An artist always standing on the brink of decisions, but cannot often decide,
Apologizing. At least not this one….
Art or Family
Art or Stability
Art or Love
The one common factor, the first purpose, but I refuse to believe that there cannot have the others.
Family is the easiest, “no brainer”
Loyalty is the deciding factor.
The guilt I already feel at not being present sometimes sits top of me, but other times 190.03 miles away. Every birthday, holiday, graduation, lifetime achievement. It reminds me just how awful am I as daughter, sister, relation, friend. But THEY are the sure distraction.

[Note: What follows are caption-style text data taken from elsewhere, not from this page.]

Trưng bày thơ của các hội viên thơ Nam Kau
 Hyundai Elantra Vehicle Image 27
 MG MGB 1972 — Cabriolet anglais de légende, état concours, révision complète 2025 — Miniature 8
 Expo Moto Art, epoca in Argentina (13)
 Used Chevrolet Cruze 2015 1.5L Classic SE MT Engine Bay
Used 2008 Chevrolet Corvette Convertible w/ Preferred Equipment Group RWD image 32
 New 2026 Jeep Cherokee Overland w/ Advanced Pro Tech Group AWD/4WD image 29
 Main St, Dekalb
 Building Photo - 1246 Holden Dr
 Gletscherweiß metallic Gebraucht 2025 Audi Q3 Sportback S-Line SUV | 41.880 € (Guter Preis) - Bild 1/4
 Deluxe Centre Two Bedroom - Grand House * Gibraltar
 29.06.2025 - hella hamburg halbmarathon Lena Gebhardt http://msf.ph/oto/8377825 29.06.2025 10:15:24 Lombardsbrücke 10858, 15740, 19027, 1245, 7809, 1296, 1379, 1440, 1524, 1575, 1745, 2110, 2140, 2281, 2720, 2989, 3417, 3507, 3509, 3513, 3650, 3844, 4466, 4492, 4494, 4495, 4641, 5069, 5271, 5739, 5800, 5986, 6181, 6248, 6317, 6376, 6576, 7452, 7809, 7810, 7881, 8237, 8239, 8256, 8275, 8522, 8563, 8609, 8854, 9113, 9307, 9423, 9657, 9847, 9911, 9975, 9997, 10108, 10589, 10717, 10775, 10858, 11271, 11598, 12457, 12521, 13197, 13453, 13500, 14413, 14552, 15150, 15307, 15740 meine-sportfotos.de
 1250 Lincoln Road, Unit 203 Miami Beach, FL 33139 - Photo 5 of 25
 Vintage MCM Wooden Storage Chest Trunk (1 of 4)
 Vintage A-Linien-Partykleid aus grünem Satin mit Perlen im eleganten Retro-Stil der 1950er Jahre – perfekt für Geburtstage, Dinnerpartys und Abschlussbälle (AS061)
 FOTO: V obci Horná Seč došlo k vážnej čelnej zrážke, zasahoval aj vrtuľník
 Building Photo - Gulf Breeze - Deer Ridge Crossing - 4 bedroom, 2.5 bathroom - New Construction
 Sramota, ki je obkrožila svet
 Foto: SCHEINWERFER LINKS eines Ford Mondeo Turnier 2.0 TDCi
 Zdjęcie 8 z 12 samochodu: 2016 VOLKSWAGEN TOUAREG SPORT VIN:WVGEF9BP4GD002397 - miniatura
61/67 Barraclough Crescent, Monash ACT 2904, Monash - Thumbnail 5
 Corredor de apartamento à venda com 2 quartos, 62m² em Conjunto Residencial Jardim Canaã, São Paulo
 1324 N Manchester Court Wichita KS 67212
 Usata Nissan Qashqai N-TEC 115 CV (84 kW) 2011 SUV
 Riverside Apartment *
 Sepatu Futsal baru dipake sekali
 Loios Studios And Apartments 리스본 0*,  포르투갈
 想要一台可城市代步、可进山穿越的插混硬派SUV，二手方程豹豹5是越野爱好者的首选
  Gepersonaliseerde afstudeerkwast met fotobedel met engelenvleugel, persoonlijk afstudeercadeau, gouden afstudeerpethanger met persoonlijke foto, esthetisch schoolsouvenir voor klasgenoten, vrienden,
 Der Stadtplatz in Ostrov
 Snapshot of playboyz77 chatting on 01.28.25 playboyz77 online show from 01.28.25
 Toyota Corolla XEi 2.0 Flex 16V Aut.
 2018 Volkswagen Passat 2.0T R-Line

My artist’s home is here and now.
Until the need arises. Sickness, death, unknown, I would carry my loyalty back to where is was forged. I will be there and then.
Stability the balance beam
Too much, to little collides with my making.
The scale of consuming, depends on the conversion of energy: to produce we need to consume. All kinds of things.
food water sleep air
life experience image voice
passion inspiration challenge emotion
so grows the list. It all gets stored and maybe released. expanding, hiding, shrinking, interrupting in the beast organ of an artist. There can be no control. It runs rampant even when alluding to making sense. “Exhibit A: I got off topic”
Stability is needs. Needs are necessary but get in the way. So the things that should be my life’s solid foundation get lost in the more glamorous construction.
Love the undefined.
Easily obsessive. But. Love of what? of whom? In the way of story books, I seek it and it seeks me, though could amount to nothing. It is an addiction even when the drug cannot be found. of whom can help or hurt the first purpose. Love of what, the cause of this glorious mess. And it propels me to find Love of when and how. And the rhythm of all and now.
An artist knows how, though each an offering in a different combination. Yet none of this reasoning can put off the looming decisions, pondering over the art’s bubbling shell.